WHAT THIS TASK INVOLVES — May I have, exactly as written, the line containing "Used Jeep Renegade" and every line after it through the end of the listing below, and nothing else?
DATASET EXTRACT Start Marker
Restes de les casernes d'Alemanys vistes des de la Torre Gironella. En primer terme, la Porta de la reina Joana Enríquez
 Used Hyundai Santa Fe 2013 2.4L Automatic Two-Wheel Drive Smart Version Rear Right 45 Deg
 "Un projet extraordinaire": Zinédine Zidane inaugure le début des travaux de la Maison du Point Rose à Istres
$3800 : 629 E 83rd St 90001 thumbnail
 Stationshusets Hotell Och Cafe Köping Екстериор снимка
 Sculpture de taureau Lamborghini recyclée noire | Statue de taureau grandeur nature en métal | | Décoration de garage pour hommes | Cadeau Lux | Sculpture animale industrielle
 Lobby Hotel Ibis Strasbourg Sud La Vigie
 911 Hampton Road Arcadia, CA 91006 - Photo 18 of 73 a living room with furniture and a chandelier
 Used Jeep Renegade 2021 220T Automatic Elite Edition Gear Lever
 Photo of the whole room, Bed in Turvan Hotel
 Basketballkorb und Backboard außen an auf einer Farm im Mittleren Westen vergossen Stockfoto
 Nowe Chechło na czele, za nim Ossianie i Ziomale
DATASET EXTRACT End Marker
FINISHED TASK —
 Used Jeep Renegade 2021 220T Automatic Elite Edition Gear Lever
 Photo of the whole room, Bed in Turvan Hotel
 Basketballkorb und Backboard außen an auf einer Farm im Mittleren Westen vergossen Stockfoto
 Nowe Chechło na czele, za nim Ossianie i Ziomale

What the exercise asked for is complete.